Landis v. Sumner Manufacturing Co.

750 S.W.2d 466 | Mo. Ct. App. | 1988

750 S.W.2d 466 (1988)

Peter J. LANDIS, Appellant,
v.
SUMNER MANUFACTURING COMPANY, INC., Respondent.

No. WD 39385.

Missouri Court of Appeals, Western District.

March 8, 1988.
Motion for Rehearing and/or Transfer Denied May 3, 1988.

*467 E. Wayne Taff, Sherman, Wickens, Lysaught & Speck, P.C., Kansas City, Mary Trippler, Faegre & Benson, Minneapolis, Minn., for appellant.

Glenn E. Bradford, Beamer, Slagg, Bradford & McCormick, Kansas City, for respondent.

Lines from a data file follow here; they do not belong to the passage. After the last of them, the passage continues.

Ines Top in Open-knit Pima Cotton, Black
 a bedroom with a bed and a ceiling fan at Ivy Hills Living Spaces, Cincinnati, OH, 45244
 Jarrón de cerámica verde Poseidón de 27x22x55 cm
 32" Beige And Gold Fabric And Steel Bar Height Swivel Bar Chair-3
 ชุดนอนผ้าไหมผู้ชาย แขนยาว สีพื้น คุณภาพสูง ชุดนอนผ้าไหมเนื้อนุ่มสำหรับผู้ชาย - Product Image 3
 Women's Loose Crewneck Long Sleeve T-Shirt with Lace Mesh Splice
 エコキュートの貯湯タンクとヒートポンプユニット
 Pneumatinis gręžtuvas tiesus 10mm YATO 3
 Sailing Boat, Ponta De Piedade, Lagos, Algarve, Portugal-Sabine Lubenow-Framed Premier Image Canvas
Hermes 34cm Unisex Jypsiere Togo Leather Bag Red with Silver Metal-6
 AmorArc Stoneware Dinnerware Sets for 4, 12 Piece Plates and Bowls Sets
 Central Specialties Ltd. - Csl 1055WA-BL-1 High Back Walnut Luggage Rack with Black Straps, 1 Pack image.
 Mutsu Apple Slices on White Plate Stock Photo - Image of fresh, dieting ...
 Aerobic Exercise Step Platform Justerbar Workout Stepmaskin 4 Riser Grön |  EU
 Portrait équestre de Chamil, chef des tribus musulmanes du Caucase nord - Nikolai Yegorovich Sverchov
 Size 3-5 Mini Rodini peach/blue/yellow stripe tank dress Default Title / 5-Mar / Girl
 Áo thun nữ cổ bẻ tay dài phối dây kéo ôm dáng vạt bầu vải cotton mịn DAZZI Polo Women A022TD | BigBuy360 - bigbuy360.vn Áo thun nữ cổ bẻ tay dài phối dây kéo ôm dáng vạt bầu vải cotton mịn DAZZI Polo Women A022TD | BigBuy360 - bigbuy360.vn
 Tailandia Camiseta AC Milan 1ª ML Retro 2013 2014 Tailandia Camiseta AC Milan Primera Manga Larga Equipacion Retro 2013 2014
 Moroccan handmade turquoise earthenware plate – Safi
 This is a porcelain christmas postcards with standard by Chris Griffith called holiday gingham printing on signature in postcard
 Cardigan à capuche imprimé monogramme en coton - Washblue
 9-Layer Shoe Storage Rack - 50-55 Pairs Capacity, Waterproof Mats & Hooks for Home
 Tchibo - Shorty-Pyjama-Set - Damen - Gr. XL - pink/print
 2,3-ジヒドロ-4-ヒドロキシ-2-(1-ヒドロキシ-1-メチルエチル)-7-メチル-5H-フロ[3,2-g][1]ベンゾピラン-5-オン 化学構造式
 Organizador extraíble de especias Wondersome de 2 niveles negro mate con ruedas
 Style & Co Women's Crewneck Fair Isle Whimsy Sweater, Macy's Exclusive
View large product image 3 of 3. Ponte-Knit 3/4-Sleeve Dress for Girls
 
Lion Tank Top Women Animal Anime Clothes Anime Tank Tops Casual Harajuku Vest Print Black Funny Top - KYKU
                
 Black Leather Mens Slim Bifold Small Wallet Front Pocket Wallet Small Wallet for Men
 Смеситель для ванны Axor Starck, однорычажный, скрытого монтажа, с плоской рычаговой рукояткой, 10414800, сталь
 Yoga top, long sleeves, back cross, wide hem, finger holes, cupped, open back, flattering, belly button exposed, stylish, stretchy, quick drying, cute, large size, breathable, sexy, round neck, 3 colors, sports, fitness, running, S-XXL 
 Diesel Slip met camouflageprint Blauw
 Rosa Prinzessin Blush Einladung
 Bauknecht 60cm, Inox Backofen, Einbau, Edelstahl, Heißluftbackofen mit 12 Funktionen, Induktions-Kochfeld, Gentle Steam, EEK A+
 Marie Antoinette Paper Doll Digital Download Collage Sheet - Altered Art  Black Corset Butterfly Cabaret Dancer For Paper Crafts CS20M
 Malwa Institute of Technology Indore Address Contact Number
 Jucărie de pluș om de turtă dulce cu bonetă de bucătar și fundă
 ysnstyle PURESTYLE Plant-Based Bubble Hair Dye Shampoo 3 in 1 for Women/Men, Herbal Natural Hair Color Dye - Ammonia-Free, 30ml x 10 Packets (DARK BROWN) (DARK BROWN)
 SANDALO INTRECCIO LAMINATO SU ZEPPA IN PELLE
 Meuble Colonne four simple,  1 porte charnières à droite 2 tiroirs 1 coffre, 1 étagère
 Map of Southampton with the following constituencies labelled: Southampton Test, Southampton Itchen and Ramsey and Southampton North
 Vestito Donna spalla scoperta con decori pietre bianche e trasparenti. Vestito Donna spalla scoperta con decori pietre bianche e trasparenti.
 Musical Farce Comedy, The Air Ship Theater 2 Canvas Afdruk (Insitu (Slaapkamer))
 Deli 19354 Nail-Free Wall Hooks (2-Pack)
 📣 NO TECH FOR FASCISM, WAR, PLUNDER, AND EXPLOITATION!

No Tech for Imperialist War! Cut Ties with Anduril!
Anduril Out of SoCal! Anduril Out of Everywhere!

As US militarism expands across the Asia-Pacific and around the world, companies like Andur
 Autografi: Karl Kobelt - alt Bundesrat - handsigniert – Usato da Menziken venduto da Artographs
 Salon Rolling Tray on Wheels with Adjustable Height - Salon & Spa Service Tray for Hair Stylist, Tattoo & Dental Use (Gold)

Before PRITCHARD, J., Presiding, and GAITAN and COVINGTON, JJ.

Motion for Rehearing and/or Transfer to Supreme Court Denied May 3, 1988.

COVINGTON, Judge.

Plaintiff, Peter Landis, was injured while lifting a piece of equipment, an "apple stacker", with a Roust-A-Bout portable crane (RAB) manufactured by Sumner Manufacturing Company. Landis' suit against Sumner was based upon strict liability for defective product design. The jury returned a verdict for Landis in the amount of $165,000.00. The trial court granted Sumner's motion for judgment notwithstanding the verdict and granted Sumner's alternative motion for new trial on the ground that the verdict was against the weight of the evidence. Landis appeals the trial court's order, asserting trial court error in granting Sumner's motion for judgment n.o.v. and in granting Sumner's alternative motion for a new trial. The judgment notwithstanding the verdict is reversed; the grant of a new trial is affirmed.

Landis first challenges the trial court's having granted Sumner's motion for judgment n.o.v., arguing that he made a submissible case based upon strict liability for defective product design.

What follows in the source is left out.